* Welcome to The Big Jewel, where what you eat and how you cook it says a lot about your disturbed state of mind. Just ask Travis Rave.

Messy Sandwich #4 (aka Cooking In Your Twenties And Maybe Your Thirties If You Had Your Heart Torn Out On Tuesday)

By: Travis Rave

Ingredients: bread, mozzarella cheese, sadness, tomato, olive oil, pan, brick, kitchen with stove, penchant for danger and neglect.

  1. Get bread.

Preferably good wide, thick bread, but this is only essential if you’re particularly picky about burns.

  1. Thoroughly oil a wide pan and set the burner to medium heat.

Use a paper towel to spread olive oil evenly. If you are out of paper towels, just dump some in and swirl it about. I like to put in a little more than is necessary, so that if you spill a little water in there, it will spit out a dangerous amount of hot oil. This keeps things exciting and your mind from wandering too far down into “The Hole of Deepening Despair,” a Lifetime movie that seems to be on repeat this week.

  1. Sit down to watch something (not “The Hole of Deepening Despair”) that will undoubtedly make you forget that you’re cooking and alone.
  2. Panic as the smoke alarm goes off. Run to the oven and turn on the oven fan to clear any gathering smoke. Turn burner off to cool pan and then add more oil. At this point, screw the paper towel; just dump that shit in there.
  3. Return to your show, but set a timer because you’ve learned something. As you watch, slice the cheese.

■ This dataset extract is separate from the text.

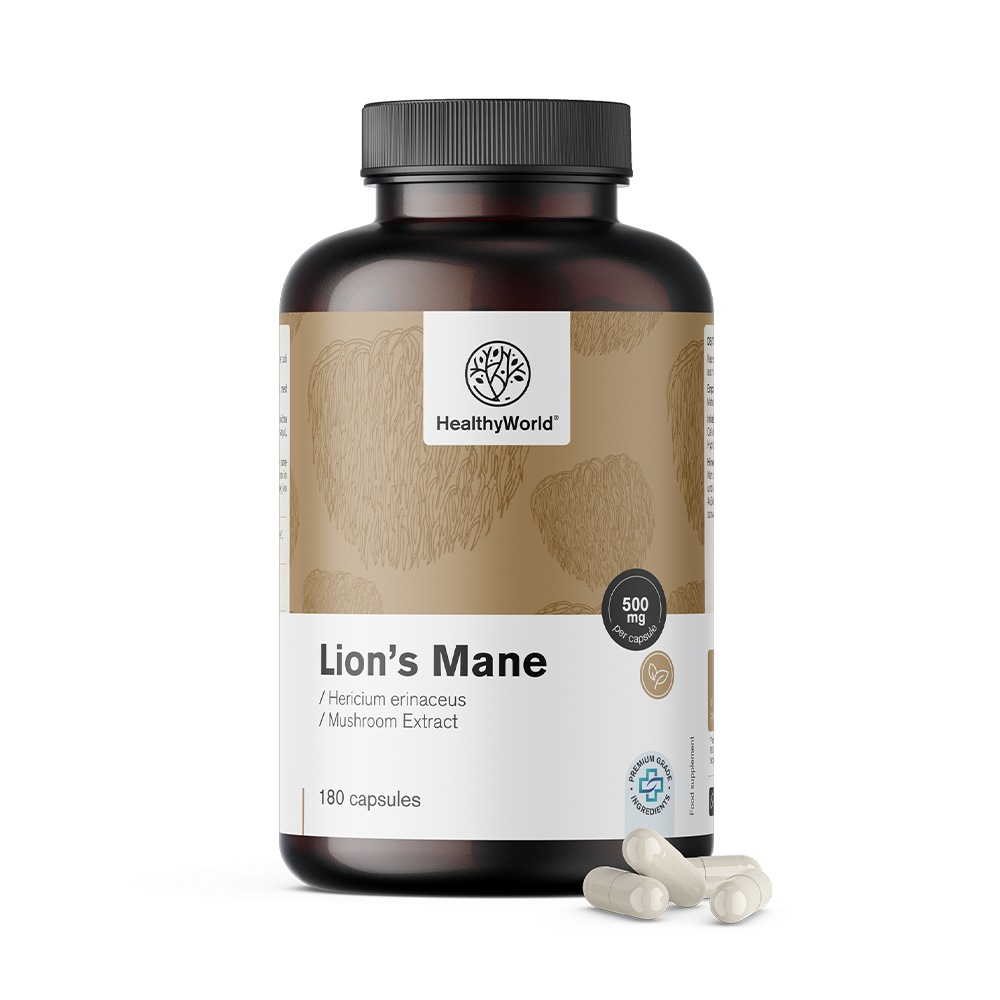 Hericium erinaceus (lion's mane) in capsules.
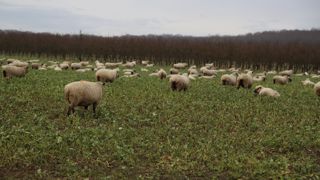 Baisse des abattages d’ovins en novembre Baisse des abattages d’ovins en novembre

Serrated knife or not, the cheese should cut. If the slices are uneven, that’s okay — it’s only cheese; don’t be bullied.

  1. Place cheese between two pieces of bread and put it into the pan.

Veteran cooks may want to risk a Frisbee-style toss, but this is not recommended due to the excessive amount of oil you put in the pan and your tendency to cause eruptions of flame.

  1. Swirl the sandwich around in the pan to soak up a bunch of the oil. Beware the heat. As it starts to sizzle, put the brick on top.

Quickly remove the brick because you forgot to wrap it in aluminum foil, which means you just put a dirty brick on your sandwich. Consider throwing out the sandwich, but then shrug and quickly wrap the brick and replace it on top of the sandwich.

  1. (Optional) Push down on the brick if you like the sound of sizzling and the invigorating sting of seeing your girlfriend writhing gleefully beneath someone with a hairy back. I mean of hot oil; the sting of hot oil.
  2. After a few minutes, remove the brick and flip the sandwich.

A spatula works well for this. If you don’t have one because you left your old one in the sink after Messy Sandwich #1 and it grew friends, then use a fork. If your forks, too, have begun to socialize, then just use your fucking fingers, okay?

  1. Put the brick back on top and press on it lightly because sizzling and burning now help you to focus on the pain of the present. Ignore that some of the cheese oozes out and will cause you to not want to wash the pan because burned-on cheese is hard to remove and pans are lonely.
  2. After a few minutes (probably one longer than is ideal because you’ve ill-advisedly returned to the couch to nurse your scorched hand), turn off the burner, remove the brick, and slide the oozing mess onto a plate.
  3. Consider eating it, but then curse because you realize you’ve forgotten about the tomato. Quickly slice the tomato, nicking your finger because of the hurry and then curse again (recommendation: “Fuck you, Gina!”). Shake your hand vigorously, but then return to cutting because your stupid sandwich is getting cold. The acidic tomato juice will likely sting when it enters your now numerous wounds.
  4. Cut the sandwich in half, carefully pull the pieces of bread apart, and place two slices of tomato on each side.
  5. Return to the couch and eat with gusto.
  6. Realize you’re still hungry. Curse [Gina] again.
  7. Do your best to wake up tomorrow.